> Task description: Where the line containing "this 840×558 image." appears in the records below, begin there and repeat each line exactly through the final one, dropping all pictures.
--- Input data Enclosed Below ---
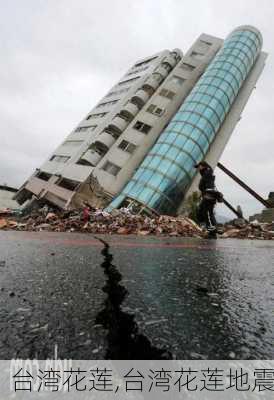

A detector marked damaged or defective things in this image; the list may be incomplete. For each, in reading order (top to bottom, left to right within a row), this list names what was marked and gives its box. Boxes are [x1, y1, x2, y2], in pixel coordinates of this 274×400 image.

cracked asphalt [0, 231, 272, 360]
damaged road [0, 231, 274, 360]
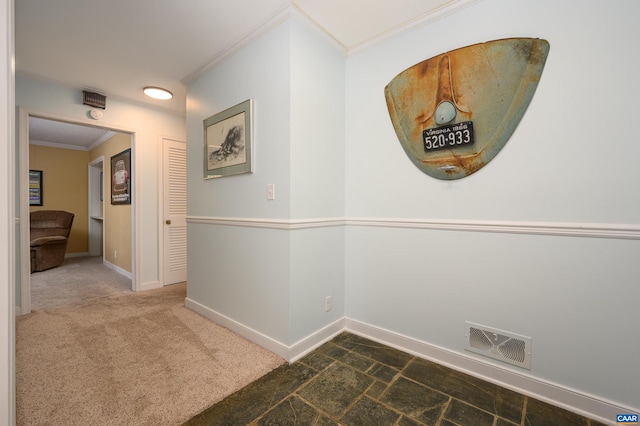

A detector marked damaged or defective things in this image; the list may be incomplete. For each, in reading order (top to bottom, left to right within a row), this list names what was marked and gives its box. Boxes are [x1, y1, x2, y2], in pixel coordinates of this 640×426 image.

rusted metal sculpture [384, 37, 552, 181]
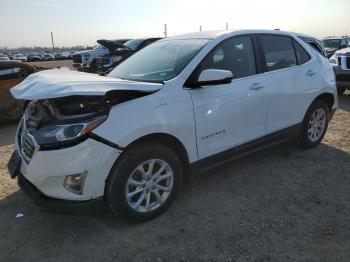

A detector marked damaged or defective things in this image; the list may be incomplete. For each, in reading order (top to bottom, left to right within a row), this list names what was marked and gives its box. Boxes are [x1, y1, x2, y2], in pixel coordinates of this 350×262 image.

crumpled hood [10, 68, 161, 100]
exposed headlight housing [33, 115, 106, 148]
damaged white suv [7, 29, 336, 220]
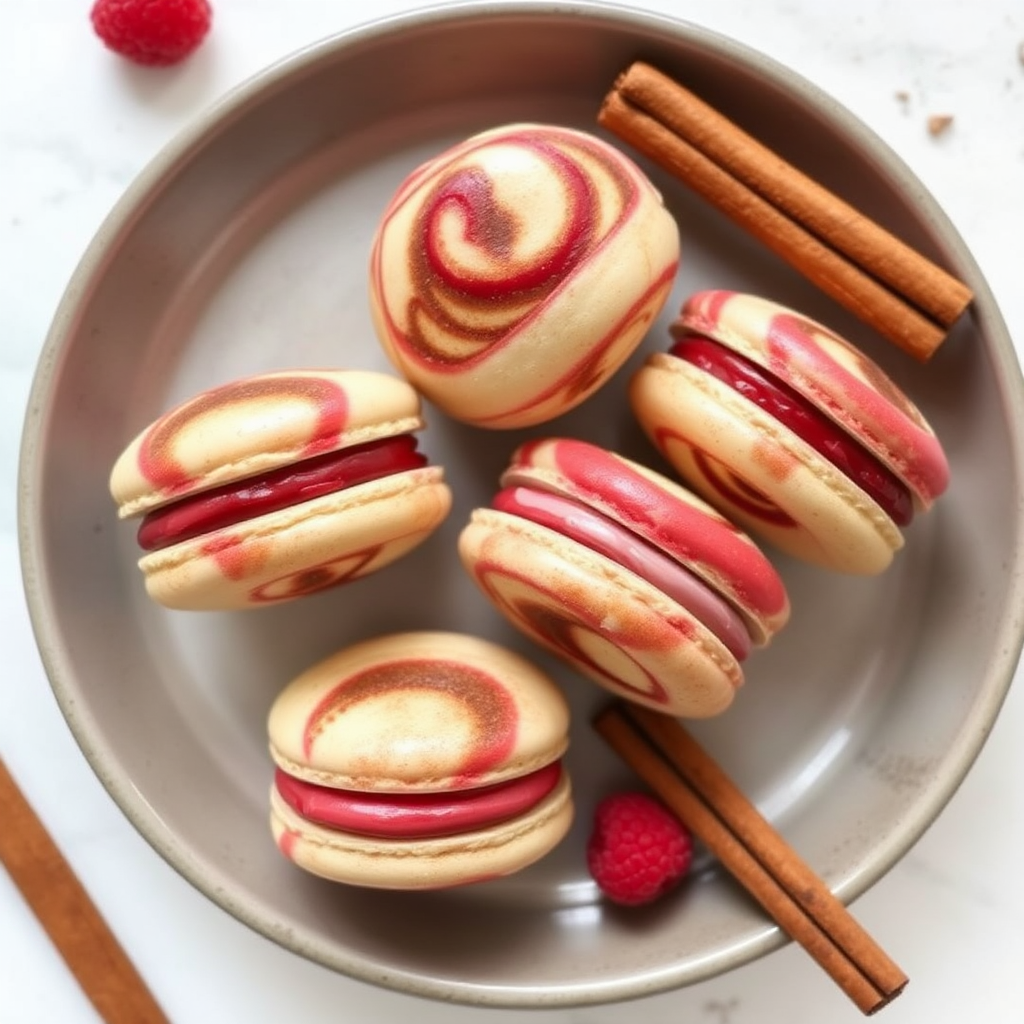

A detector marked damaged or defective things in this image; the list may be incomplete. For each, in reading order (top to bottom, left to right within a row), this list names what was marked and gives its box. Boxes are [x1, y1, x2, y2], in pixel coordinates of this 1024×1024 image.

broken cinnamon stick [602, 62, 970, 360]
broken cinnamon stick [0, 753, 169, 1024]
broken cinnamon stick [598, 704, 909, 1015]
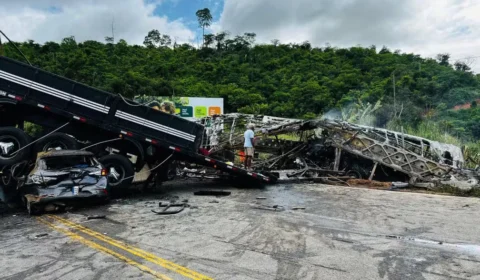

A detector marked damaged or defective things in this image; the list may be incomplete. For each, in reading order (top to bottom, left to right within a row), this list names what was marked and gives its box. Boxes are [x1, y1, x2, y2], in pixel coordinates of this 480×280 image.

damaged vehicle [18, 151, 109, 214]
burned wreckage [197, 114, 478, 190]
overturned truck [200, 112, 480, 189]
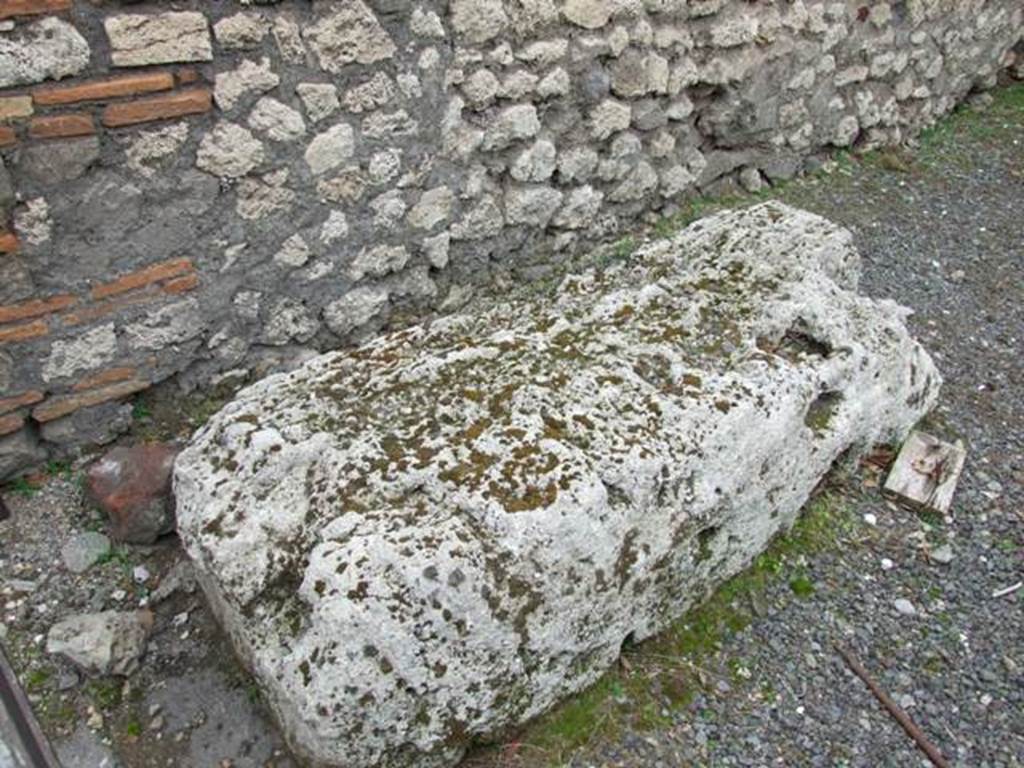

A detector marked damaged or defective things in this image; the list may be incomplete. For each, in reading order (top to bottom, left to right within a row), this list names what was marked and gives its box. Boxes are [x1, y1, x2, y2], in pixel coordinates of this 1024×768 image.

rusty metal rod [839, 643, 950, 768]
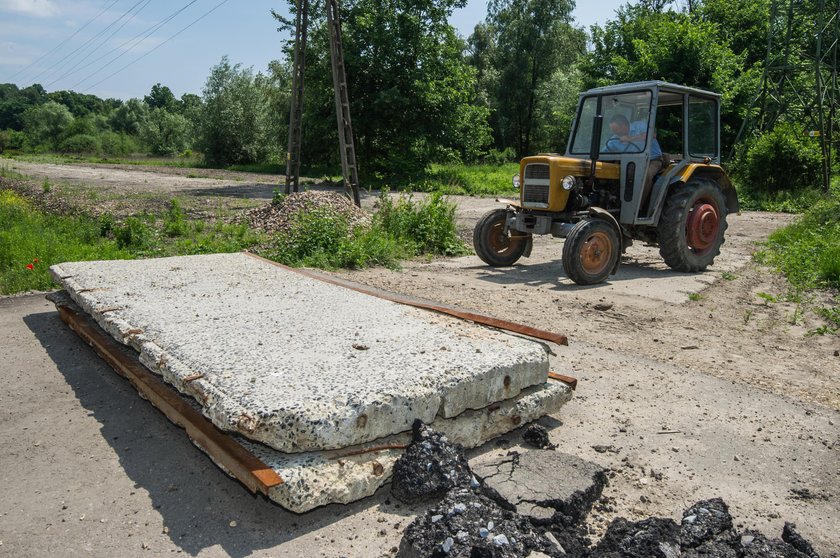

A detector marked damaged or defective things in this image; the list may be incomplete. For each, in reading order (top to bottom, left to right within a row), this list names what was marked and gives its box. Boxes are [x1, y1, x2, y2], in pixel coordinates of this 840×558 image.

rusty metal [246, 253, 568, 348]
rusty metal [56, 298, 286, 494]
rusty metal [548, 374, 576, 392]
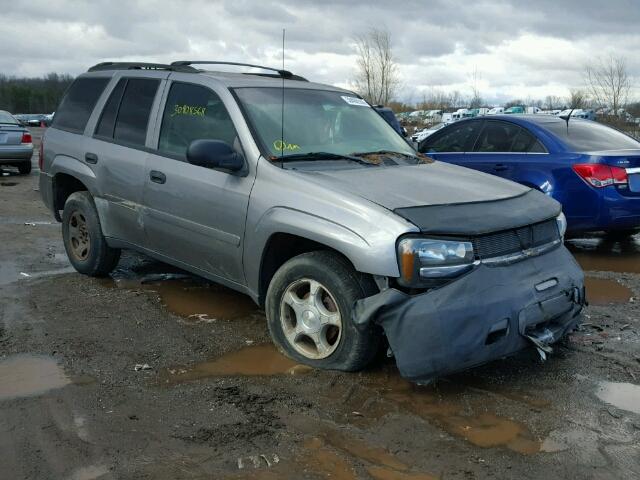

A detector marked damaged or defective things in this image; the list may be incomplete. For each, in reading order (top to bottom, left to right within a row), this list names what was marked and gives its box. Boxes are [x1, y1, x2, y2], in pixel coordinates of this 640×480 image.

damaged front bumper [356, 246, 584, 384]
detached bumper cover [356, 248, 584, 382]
--- End of Enclosed Input data ---
> Exercise solution:
A detector marked damaged or defective things in this image; the list may be incomplete. For each, in reading order (top to bottom, left to right within a row), this list names what was marked and gives its box. Boxes are [x1, y1, x2, y2], in pixel coordinates of this 840×558 image.

rusty metal [246, 253, 568, 348]
rusty metal [56, 298, 286, 494]
rusty metal [548, 374, 576, 392]

A detector marked damaged or defective things in this image; the list may be incomplete. For each, in reading order (top to bottom, left to right within a row), this list names what was marked and gives its box. Boxes are [x1, y1, x2, y2], in pixel coordinates of this 640×480 image.

damaged front bumper [356, 246, 584, 384]
detached bumper cover [356, 248, 584, 382]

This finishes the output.